There are no fields in the social, economic, or political life where Party of Communists wouldn’t have claimed a breakthrough throughout its three years stay in power. Recently, in an interview to “Misli” (Thought) newspaper President identified yet another field where his party attained considerable achievements. In his interview President outlined Communists’ achievements and went on wondering rhetorically “what other party has initiated a raft of measures that led to the conception of civil society in our country?”, thus insinuating that it was yet another merit of the party he was heading.

If we are to take his words literally, then there was no civil society at all before Communists’ came to power.
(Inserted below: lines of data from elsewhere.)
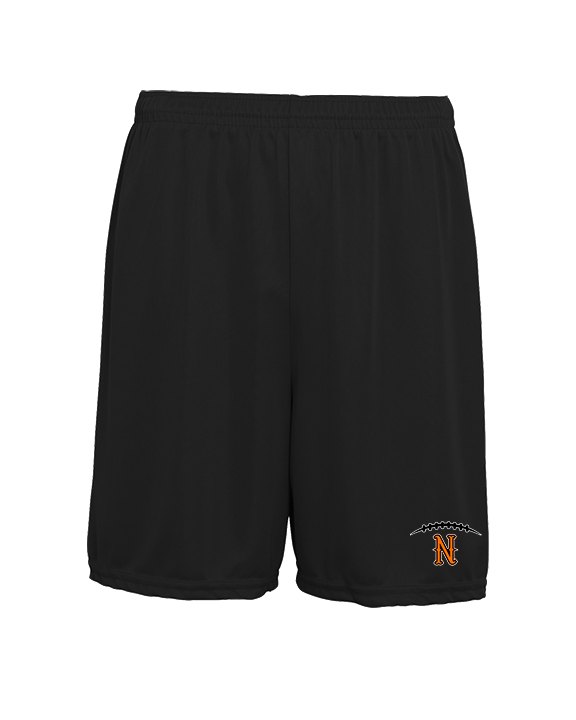 Northrop HS Football N Football Logo - Mens 7inch Training Shorts
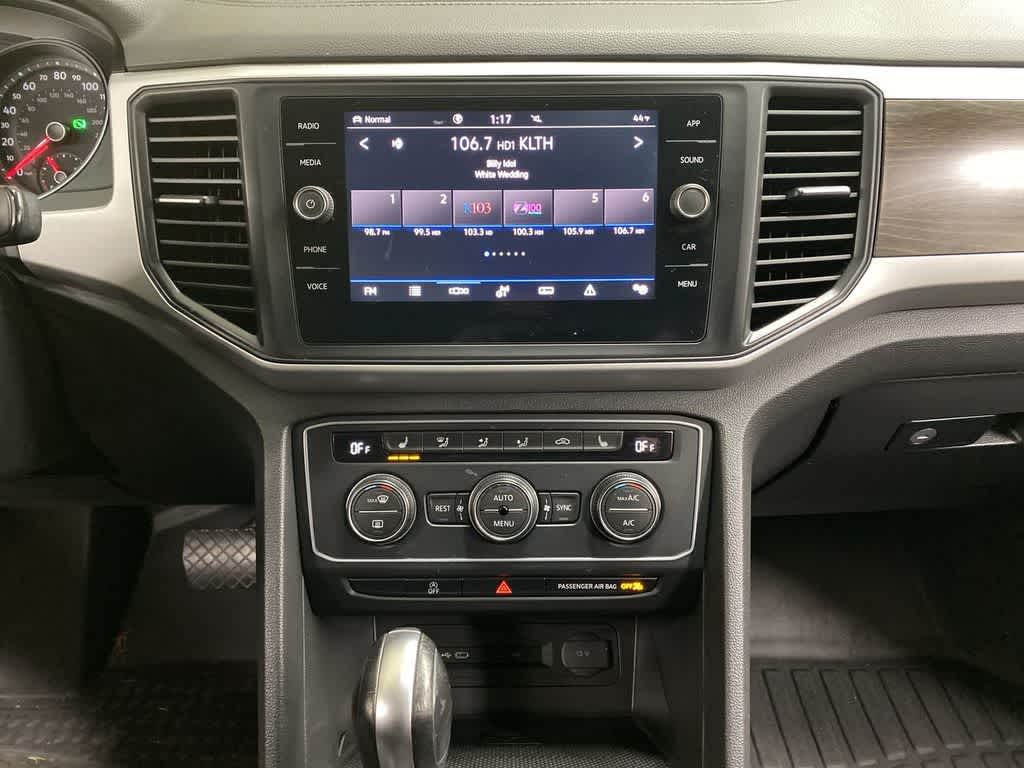 Thumbnail: 2021 Volkswagen Atlas - 25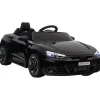 Clearance - Coche eléctrico Audi RS e-tron GT negro Vehículos De Batería O A Pedales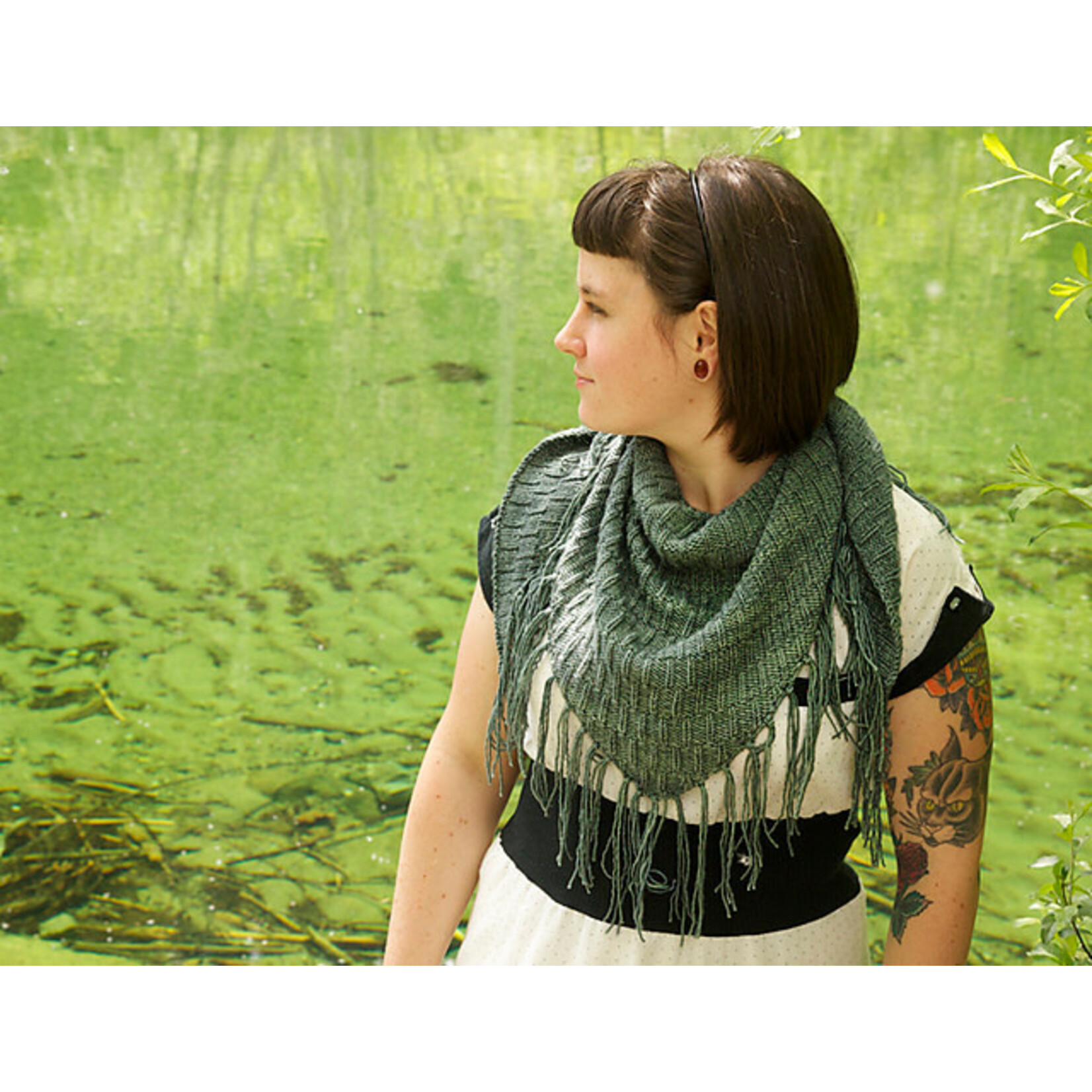 Book - Road Trip by Tin Can Knits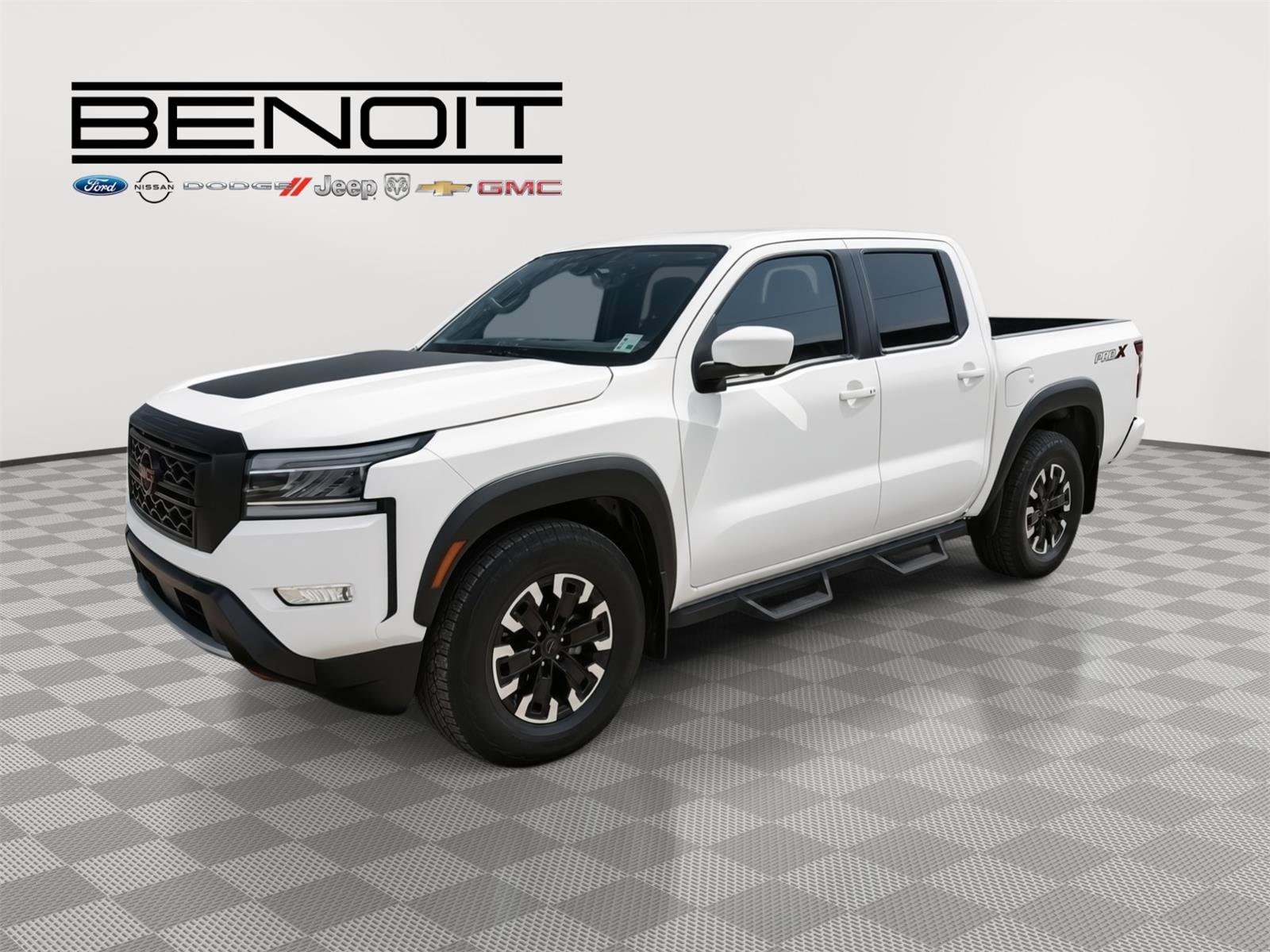 2023 Nissan Frontier PRO-X Crew Cab 4X2's photo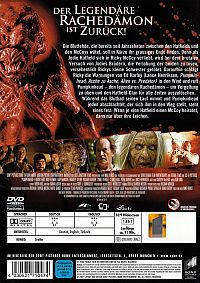 Pumpkinhead 4 - Blutfehde [DVD], 1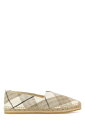 バーバリー BURBERRY ローファー レディース Loafers 8106105 C2539 Checked 関税 送料無料 ラッピング無料 2025SS gb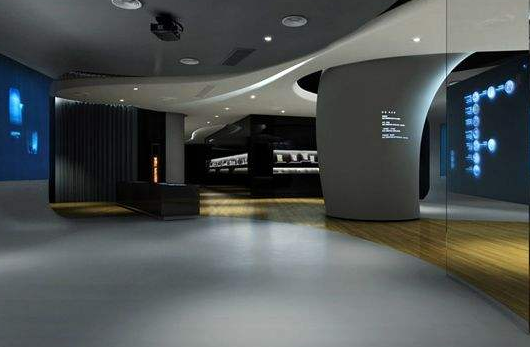 展覽館安裝中央空調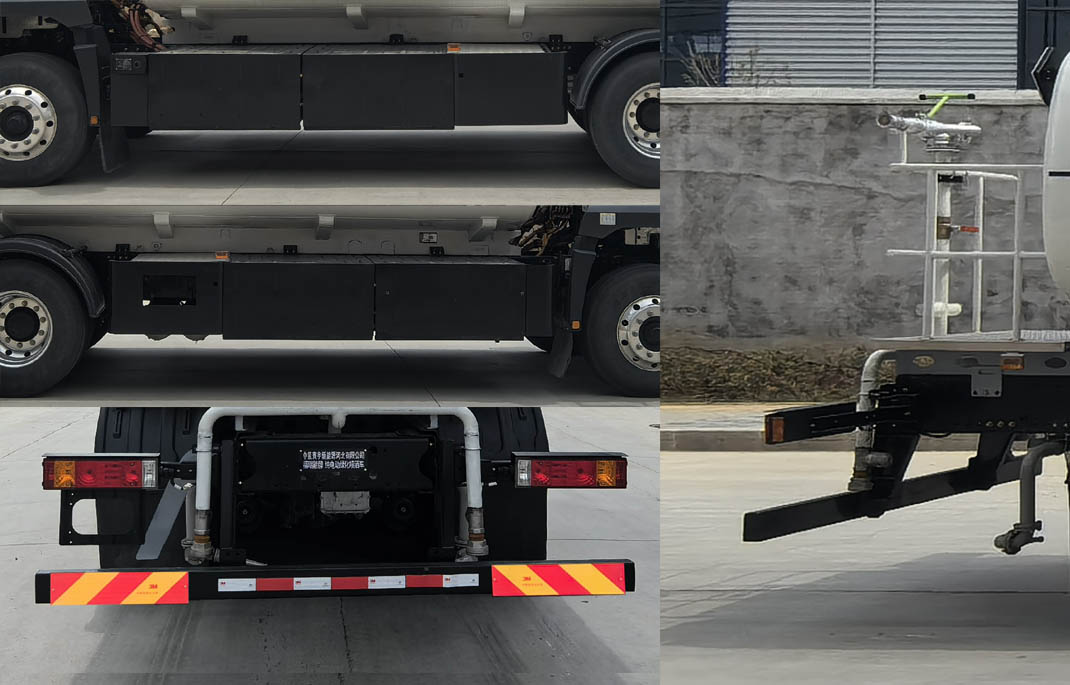 福瑞能牌ZMT5250GPSSXBEV純電動(dòng)綠化噴灑車(chē)公告圖片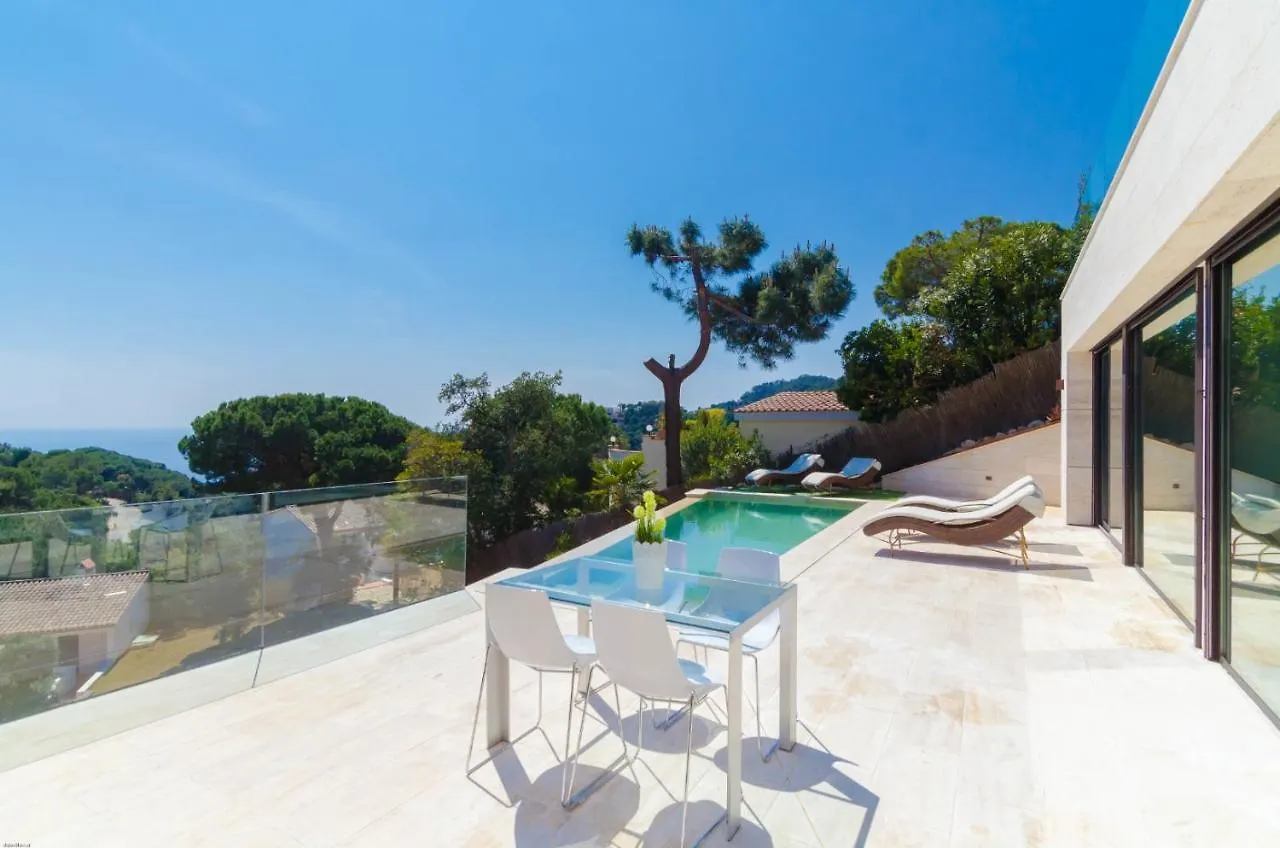 Villa Club Villamar - Rosalicia Tossa de Mar İspanya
If we are to embellish them, then civil society in Moldova is so weak and indiscernible that it is unable to get over its embryo stage. And this despite the fact that 3 years ago, when Communists came to power, there were 2,000 NGOs, dozens of political parties, trade unions and religious organisations registered in Moldova. Now there are more than 3,000 of them.

In fact, there are studies and statistics proving that not only there was a civil society in Moldova before Communists came to power, but it even attained some achievements. Nevertheless, there is evidence to the effect that civil society in Moldova is still weak and undeveloped, especially if compared with Central and Western Europe as described in “Global Civil Society: Dimension of the Nonprofit Sector” published by Johns Hopkins Center for Civil Society Studies in 1999. Its weakness stems from: a) economic migration phenomena that has driven about ? of active population abroad in search for a job; b) low living standards not allowing citizens who stayed to direct their efforts and time towards solving problems and defending their rights by means of civic organizations; c) civic culture is not present; d) numerous discouraging factors for the pursuit of citizen initiatives largely due to incoherent behaviour displayed by political elites, which are unable to identify benchmarks or a mobilising development vector (Moldovan elites are constantly in search of a unifying idea for the Republic of Moldova), etc.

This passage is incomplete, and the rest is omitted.